» **WORK ORDER**: Only the lines in the entries below from the line with "Black Stone 6" to the line with "Watercolor Cute Kid", both included, belong in the answer, transcribed exactly and without pictures.

» **TASK DATA**:
○ ○ ○ ○ ○ ○ ○
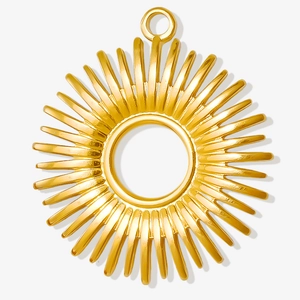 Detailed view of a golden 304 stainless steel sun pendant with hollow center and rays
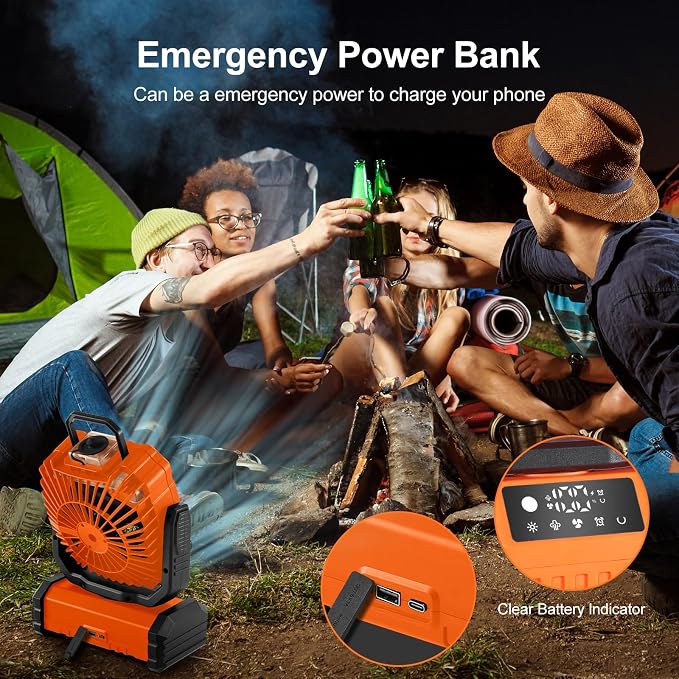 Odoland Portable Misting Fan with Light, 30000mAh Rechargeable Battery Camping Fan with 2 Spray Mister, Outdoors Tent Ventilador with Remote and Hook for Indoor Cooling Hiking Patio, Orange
○ ○ ○ ○ ○ ○ ○
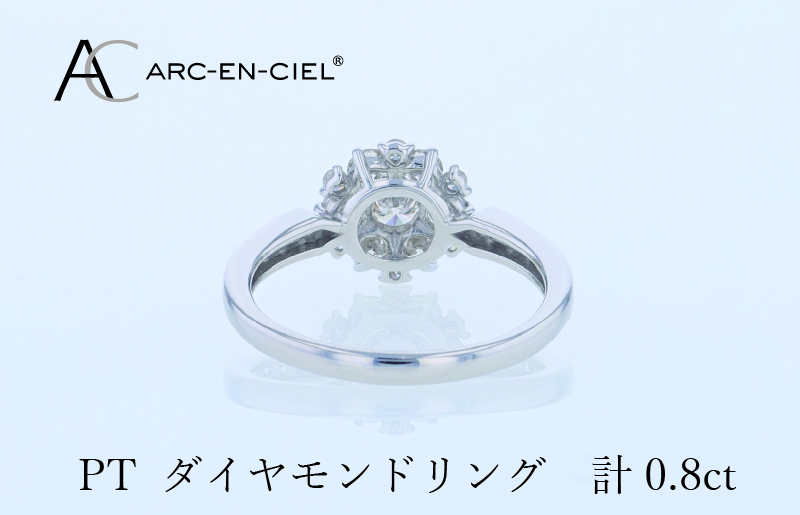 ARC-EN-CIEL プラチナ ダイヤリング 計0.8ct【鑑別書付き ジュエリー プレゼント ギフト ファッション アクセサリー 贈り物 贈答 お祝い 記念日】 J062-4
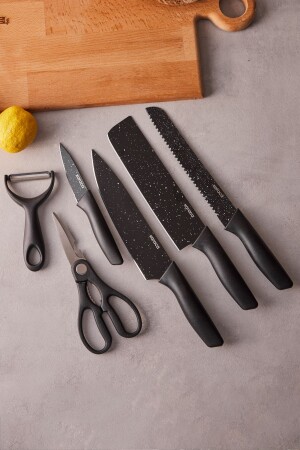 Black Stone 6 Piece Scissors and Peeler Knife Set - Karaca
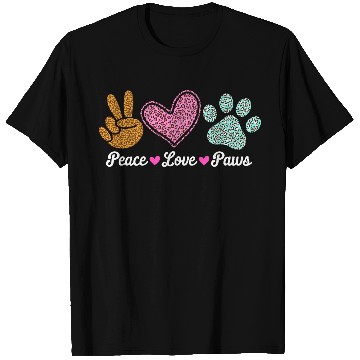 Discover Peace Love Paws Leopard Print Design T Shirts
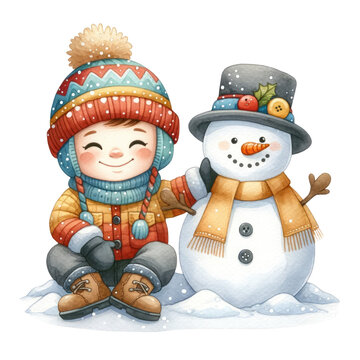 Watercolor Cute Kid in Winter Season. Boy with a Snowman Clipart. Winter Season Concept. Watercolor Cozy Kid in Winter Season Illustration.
○ ○ ○ ○ ○ ○ ○
» **REPLY TO THE EXERCISE**:
 Black Stone 6 Piece Scissors and Peeler Knife Set - Karaca
 Discover Peace Love Paws Leopard Print Design T Shirts
 Watercolor Cute Kid in Winter Season. Boy with a Snowman Clipart. Winter Season Concept. Watercolor Cozy Kid in Winter Season Illustration.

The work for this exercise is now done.